Since its inception, the Emerging curators project has served as an annual exhibitory and academic trademark of the Power Station of Art, supporting 58 young Chinese curators through 23 on-site exhibitions and 2 online editions. For the first time, ECP 2025 shifts its focus to case studies and presentations of individual artists, inviting young curators to submit proposals for solo exhibitions. Through an in-depth examination of the artist’s creative practice, the project encourages curators to generate a more nuanced understanding of the artist’s individual modes of production and to develop exhibition narratives that are more issue-driven and context-responsive, fostering new reflections on the relationship between curating and exhibiting through close dialogue and collaboration between artists and curators.
ECP 2025 received 80 submissions in total, of which 69 were valid proposals and 6 were shortlisted for the final selection. In October 2025, members of the PSA Academic Committee—including Emanuele Coccia, Cuauhtémoc Medina, Lin Tianmiao, Liu Qing, Roan Ching-Yueh, Wang Jianwei, and Gong Yan—conducted online final reviews and interviews with the 6 shortlisted curatorial teams. The two selected proposals are LiHi·Brave new mind: Li Hanwei’s Sanatorium project (curated by Wu Zhe and Chen Wenyi) and Wish you were here 2047: is ‘chenchenchen’ a fictional artist? (curated by Zhou Yi and Chen Gong). Both will be presented to the public as exhibitions on February 7, 2026.

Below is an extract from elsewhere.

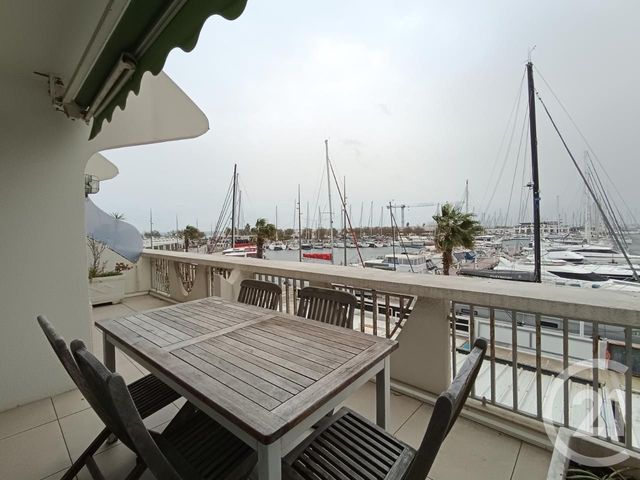 Appartement F2 à vendre LA GRANDE MOTTE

In addition, the ECP Award for this edition will be offered to one of two selected proposals following evaluation by experts, academics, media, and the general public after the official launch of the curatorial projects. A prize of RMB 50,000 will be awarded to the winning curatorial team and to its proposal for further research and development. The winner will be announced following the closing of the exhibition.
In an era where everything is optimized by technology, is recuperation also constrained by an ever-operating system? The exhibition LiHi·Brave new mind: Li Hanwei’s Sanatorium project originates from a fictional sanatorium brand, LiHi, inviting visitors to enter a meticulously designed experiential environment. “Brave New Mind,” the core motto of LiHi, points not to a specific organ but to a collective imagination of intelligence, rationality, and efficiency. Guided by this concept, the mind and perception are treated as renewable resources, while recuperation is understood as a long-term, continuous technical operation. Conceived within this framework, the exhibition is transformed into a spatial structure, in which the site is constructed as a circular, modular system.
Videos, sculptures, paintings, lighting, and other forms of works are arranged within a unified structural and lighting system, acting as sensory nodes that interact with one another while remaining relatively independent. As viewers move through the exhibition, they are presented with a pre-configured “sanatorium package,” allowing them to sense variations in intensity and density across different units. Through the arrangement of space, perceptual paths, and modes of viewing, the artist explores how technology operates at the limits of the body and emotion, while addressing critical questions: whether art can still sustain its ambiguity when creation, spectatorship, and recuperation itself become configurable social labor? Whether there still exists a genuinely human dimension that cannot be fully absorbed by a highly optimized system?